Wondering if your child has too many toys? Well, if your living room looks like a Toys ’R Us store, you’ll do your child no harm by reducing the clutter.
There comes a time in every parent’s life when they’re sitting in what used to be their loungeroom but now more closely resembles the toy section of Big W or Kmart.
Between birthdays, Christmas, McHappy meals and random gifts given as ‘rewards’ or bribes throughout the year, you can soon find yourself crowded out of your personal adult space by pieces of brightly coloured plastic and fluffy toy animals.
It’s at this point one asks the logical question, how many toys is too many toys? Did we have this many toys as kids, does a kid need this many? We live in an increasingly materialistic society in which escaping from advertising and marketing is, short of complete retreat from the world, close to impossible. Just watch any kid’s cartoon show on commercial TV to experience the advertising onslaught for all manner of child-oriented junk.
Researchers at the University of Toledo in the US attempted to answer this question last year when they recruited 36 toddlers and invited them to play in a room for half an hour with either four toys, or 16 toys. What happened?
Well, turns out the kids were far more creative when they had fewer toys to play with.

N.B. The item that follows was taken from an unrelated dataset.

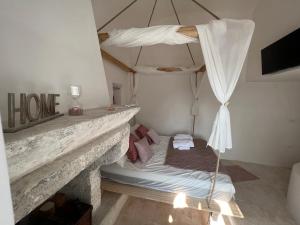 - une chambre avec un lit et un parasol dans l'établissement Zinzu - by TripOstuni, à Ostuni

The experiment saw kids playing with each toy for twice as long and thinking up more uses for each toy, thereby lengthening and expanding their games. The researchers advised parents, schools and kindies that they should try rotating a small number of toys regularly, encouraging children to become more creative and improve their attention spans.
It makes sense and is in many ways obvious from observation of your own children. The more stuff, the less they can concentrate, flitting from one thing to another but settling on no particular toy. Too many toys, basically, is like a permanent Christmas morning of crazy over-stimulation.
Of course, taking the decision to limit the number of toys you allow your child to play with at any one time invites the real hard part: dealing with the little one’s undiminished desire to have every little thing they see on television or in the store.